Tenzil is sitting at a table on a balcony overlooking NYC.
"Hey party people! I'm Tenzil Kem with information crucial to your daily lives."
"I rue the day your parents had intercourse!" the off screen voice yelled. "I know you are but what am I? Now get over here and start tap dancing with this dead squid!" "I don't wanna!"
Tenzil threw his hands up in frustration.
"If it looks bad, smells bad, tastes bad, and is vomiting on the floor, chances are, you're dad made dinner tonight."
"If you're getting a visit from your Great Aunt Mildred, the best course of action would be to stand perfectly still until she loses interest. Then, she'll spread her wings and fly back to her nest with offerings of nursing home pudding and bingo cards for her freshly hatched young."
"It took the Hebrews forty years to cross the desert. It took me five seconds to burn the house down."
"The other day my sister Timantha said 'Like OMG WTF TTYL FUR-EVA!' I'm pretty sure she was having a stroke."
"They say it's bad luck to kill a spider." Tenzil takes out a mallet and smashes a small spider. "Yeah, bad luck for the spider, that is!"
"President Kennedy once said 'Err ah errah errr ahh...'. This is why I sleep in history class."
"They say you should stop and smell the roses. Well I did, and the Rose Family had me arrested!"
"They say two's company, but three's a crowd. I hope my girlfriend never heard that saying. Now what I'm saying?"
"They say too much of a good thing can be bad. Does that mean too much of a bad thing can be good?" Tenzil begins to pour bees onto his head, and starts screaming wildly. "AHHHHH!! THIS ISN'T A GOOD THING!! WHY DID I THINK IT WAS?!"
Tenzil shakes off the bees and recomposes himself.
"If you have a little black piglet in your pants, and you don't what to do, I suggest... you take the pig outta your pants! What, do you need an instruction manual, moron?"

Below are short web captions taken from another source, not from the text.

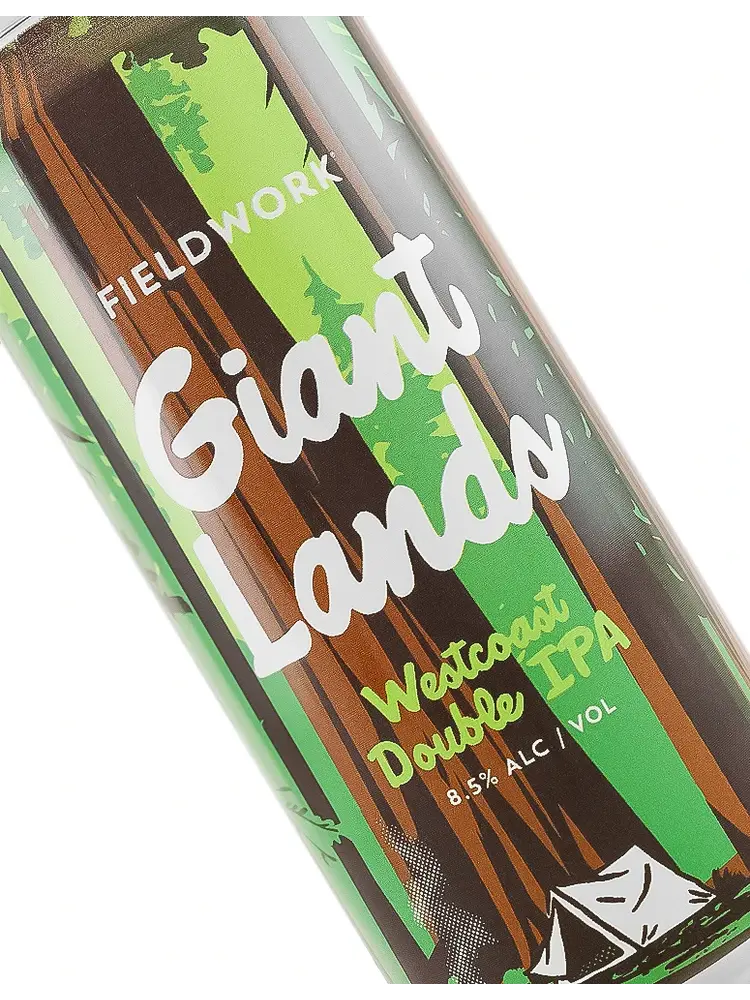 Fieldwork "Giant Lands" Westcoast Double IPA 16oz Can - Berkeley, CA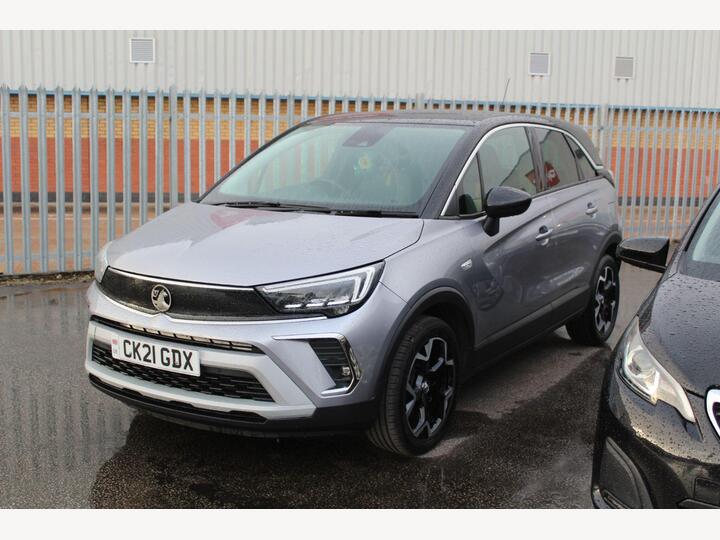 Vauxhall Crossland 1.2 Turbo Elite Auto Euro 6 (s/s) 5dr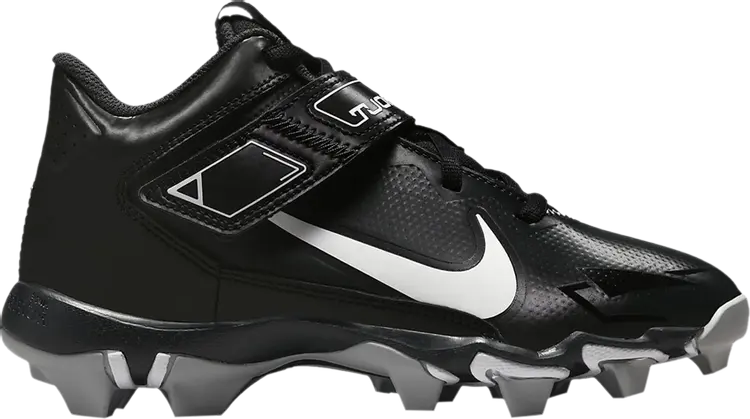 

Бутсы Nike Force Trout 8 Keystone GS 'Black Dark Smoke Grey', черный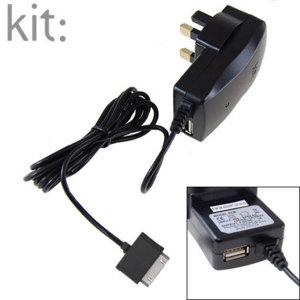Foto Kit: Cargador Apple con puerto USB libre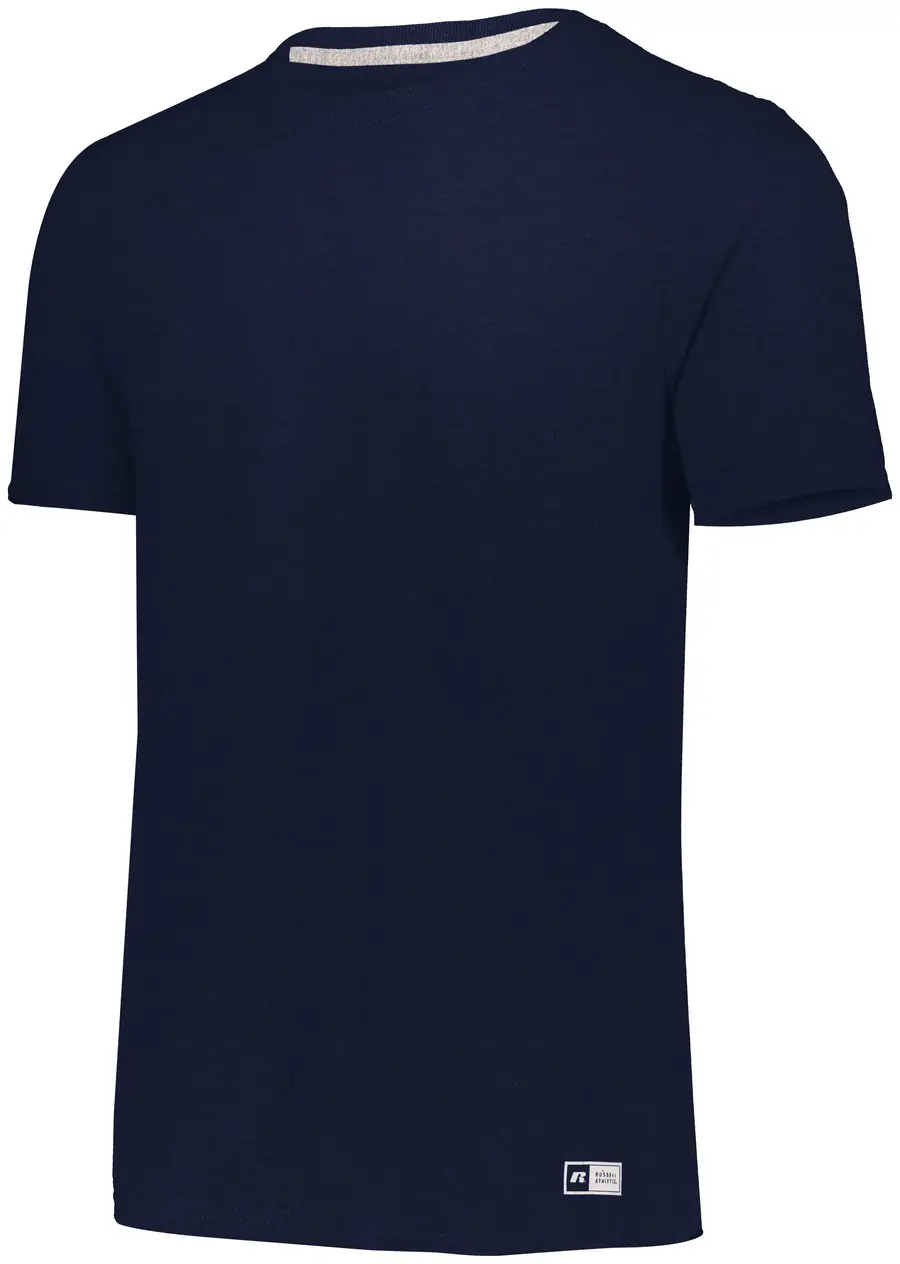 Russell ADT Essential TEE in Vintage Heather Navy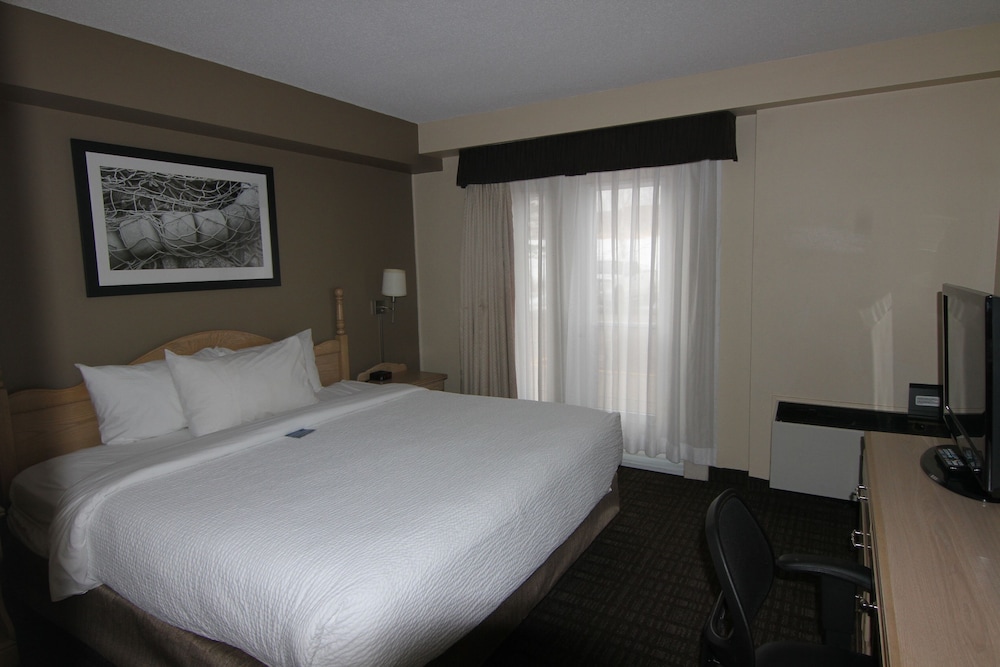 Drive Up, Standard, King Bed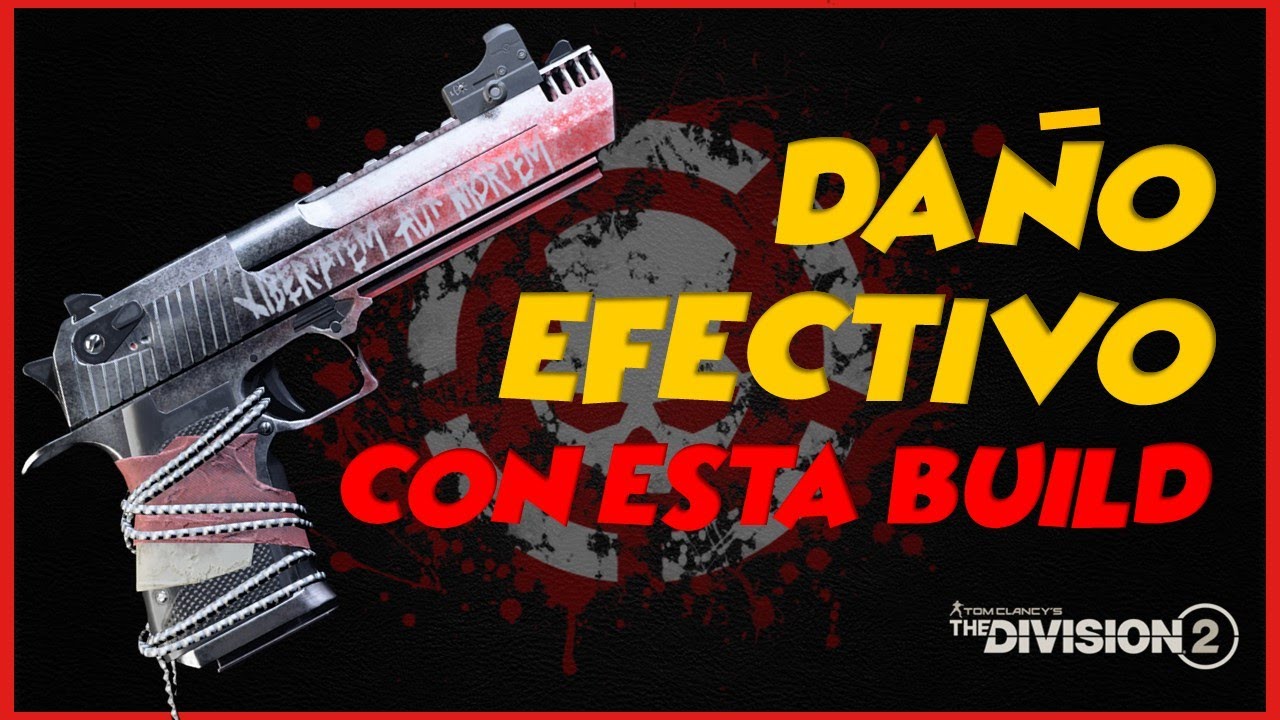 The Division 2 💥 DAÑO 3.5M CON PISTOLA 💥 Douglas & Harding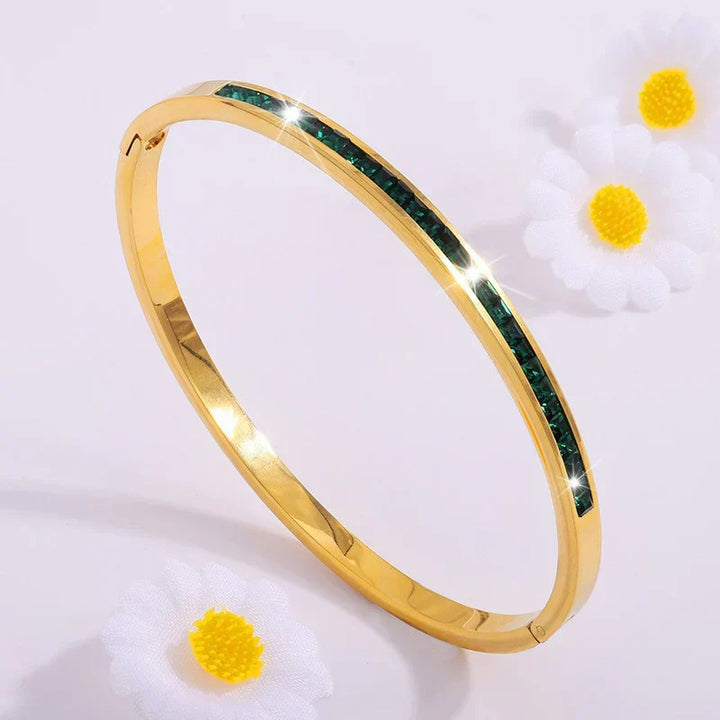 Bracelet en Or Vert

"When caught cheating on a test, it'd help if you didn't say to the teacher "stupid over here won't give me the answers. Now gimme a kiss slappy wag!"
"Never try to protect yourself from boriac acid using only a pair of cheap googles. Why? Because zey goggle, zey do NOTHING!!" Tenzil ripes away his specs to reveal burnt out, crusty flesh covering his eyes.
"Well this has been fun but I have to go see a man about laser eye surgery. Smell ya later!"
Tenzil gets up, only to trip on something and fall off the balcony.
"This has been Tenzil Kem with Vital Information for Your Every Day Life."
"I'm okay!"
Happy Halloween everyone!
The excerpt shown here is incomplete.